Comments like this from the former Energy Secretary on insulation and heat pumps are deeply unhelpful, and factually wrong. This one quote captures everything that’s wrong with the public conversation around heat pumps, and why government-led messaging on decarbonising heat has so far failed to inspire widespread confidence or uptake among homeowners.

The “Fabric First” Misconception

Let’s address the obvious: no one disputes that insulation is important. Insulating lofts, draught-proofing and cavity wall upgrades where possible are all low-hanging fruit and worthwhile measures, and are important irrespective of your heating source. But this idea that you must comprehensively upgrade your insulation before you even think about a heat pump is not only false… it’s actively damaging.

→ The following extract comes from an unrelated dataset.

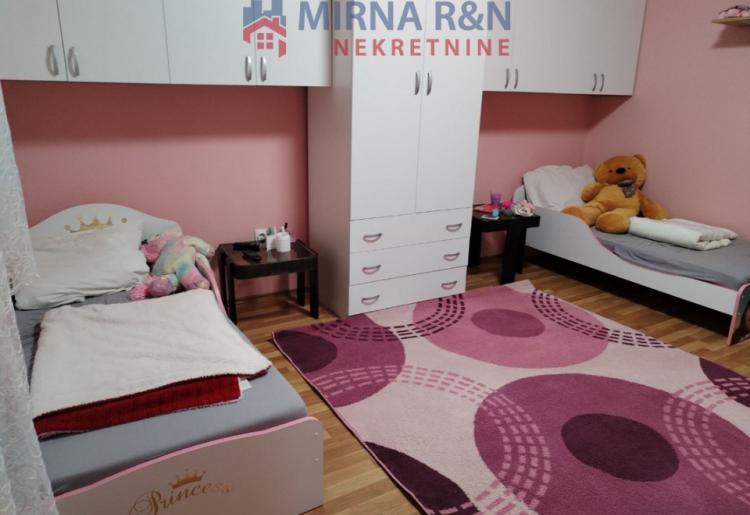 727. Na prodaju prelepa porodična kuća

Shapps’ “Rolls-Royce in a shopping trolley” comment is not just inaccurate, it’s reckless, coming from someone who held a brief that included transitioning homes away from fossil fuels. It reinforces the idea that unless your home is a newbuild or a fully retrofitted eco-palace, heat pumps are off the table. That is categorically untrue.

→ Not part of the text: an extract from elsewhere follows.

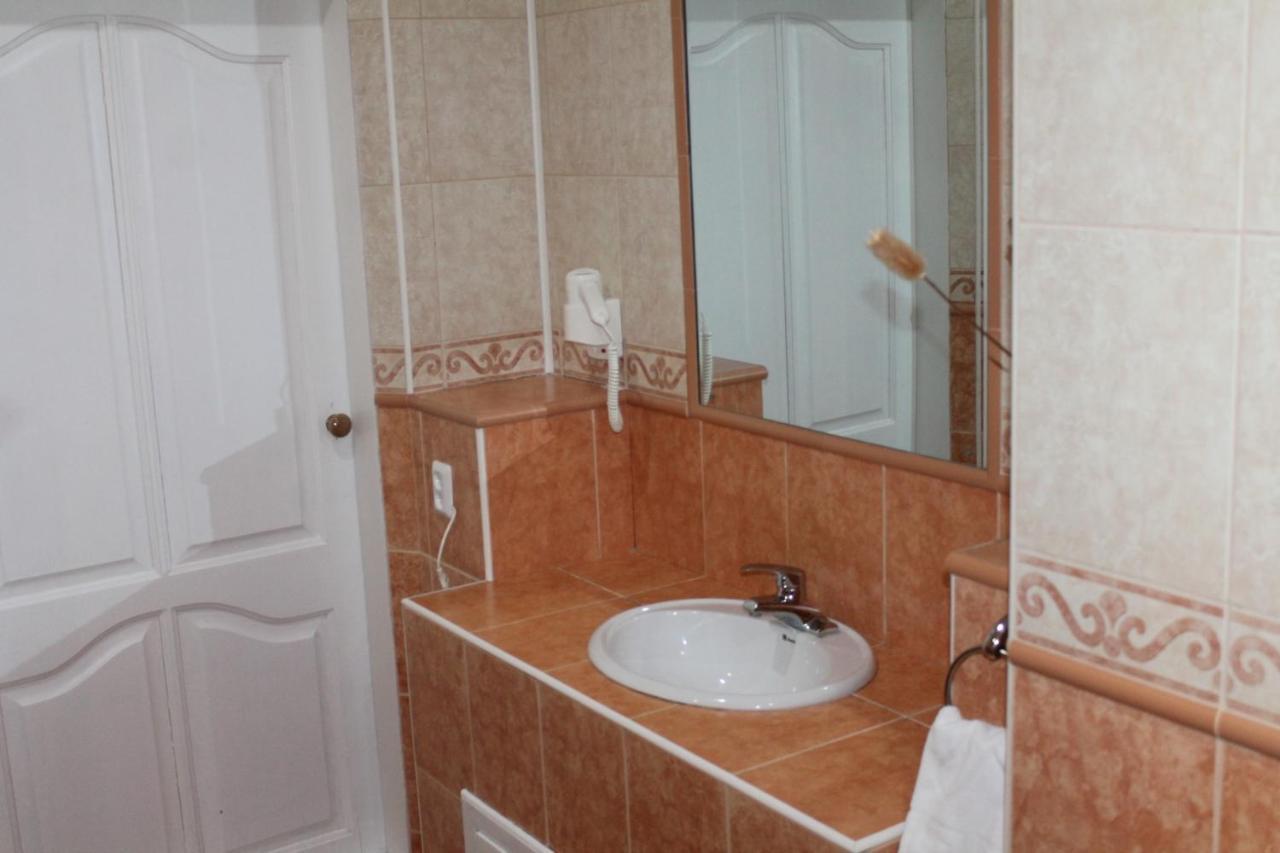 Residence Hotel Pavlodar Bagian luar foto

We interact with homeowners every day that have solid wall pre-1940s homes, draughty Victorian terraces and rural farmhouses who are successfully running heat pumps. Many aren’t fully insulated. Some have done modest upgrades, others are still in progress. And yet, they’re getting SCOPs of 3.0 to 4.5. Are the systems perfectly optimised? Not always. But are they “wildly inefficient”? Absolutely not!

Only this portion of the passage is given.